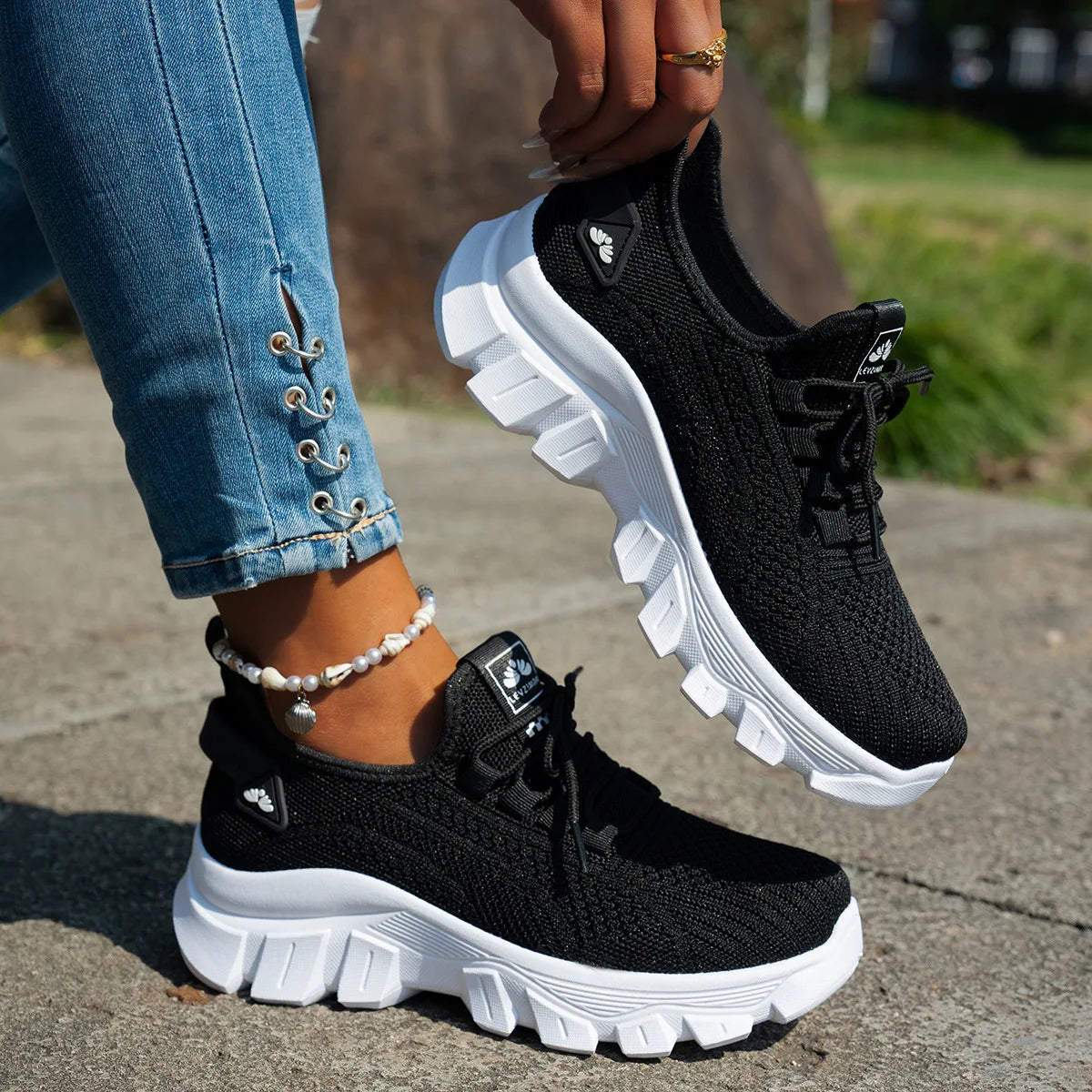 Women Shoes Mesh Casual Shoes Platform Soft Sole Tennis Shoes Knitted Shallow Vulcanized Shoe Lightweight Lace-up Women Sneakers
========================================================================
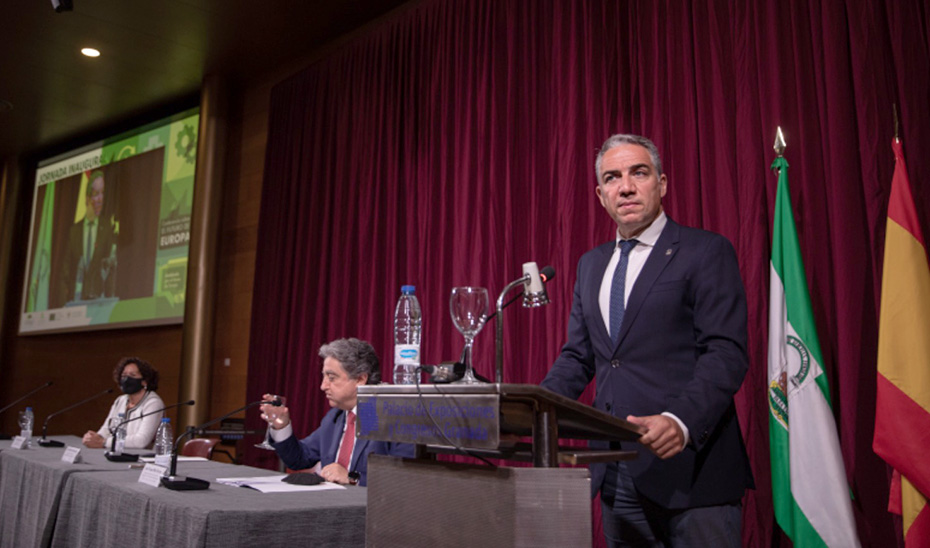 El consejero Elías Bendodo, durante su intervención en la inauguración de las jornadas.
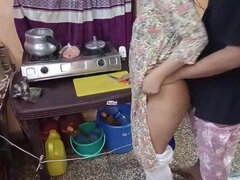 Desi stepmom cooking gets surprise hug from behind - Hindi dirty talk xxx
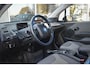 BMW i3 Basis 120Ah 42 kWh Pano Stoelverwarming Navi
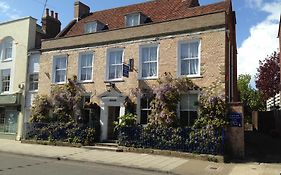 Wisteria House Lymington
========================================================================
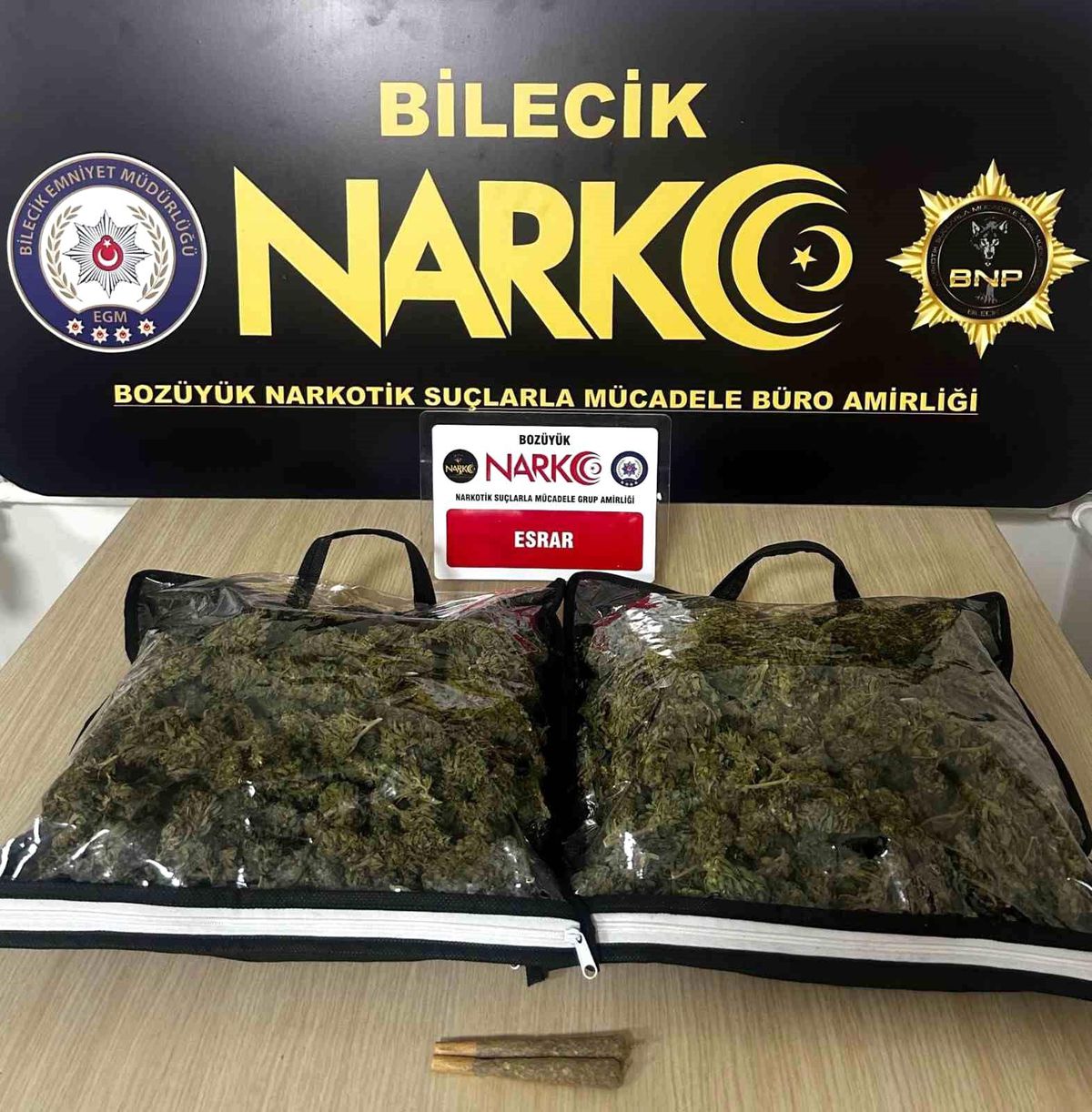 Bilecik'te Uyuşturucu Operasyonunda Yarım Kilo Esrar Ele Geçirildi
========================================================================
_EXERCISE REQUIREMENTS:_
The material above holds pictures; leave them out. Repeat exactly the lines from the one containing "El consejero Elías" through the one containing "Wisteria House Lymington", and nothing else.

_ANSWER SPACE:_
 El consejero Elías Bendodo, durante su intervención en la inauguración de las jornadas.
 Desi stepmom cooking gets surprise hug from behind - Hindi dirty talk xxx
 BMW i3 Basis 120Ah 42 kWh Pano Stoelverwarming Navi
 Wisteria House Lymington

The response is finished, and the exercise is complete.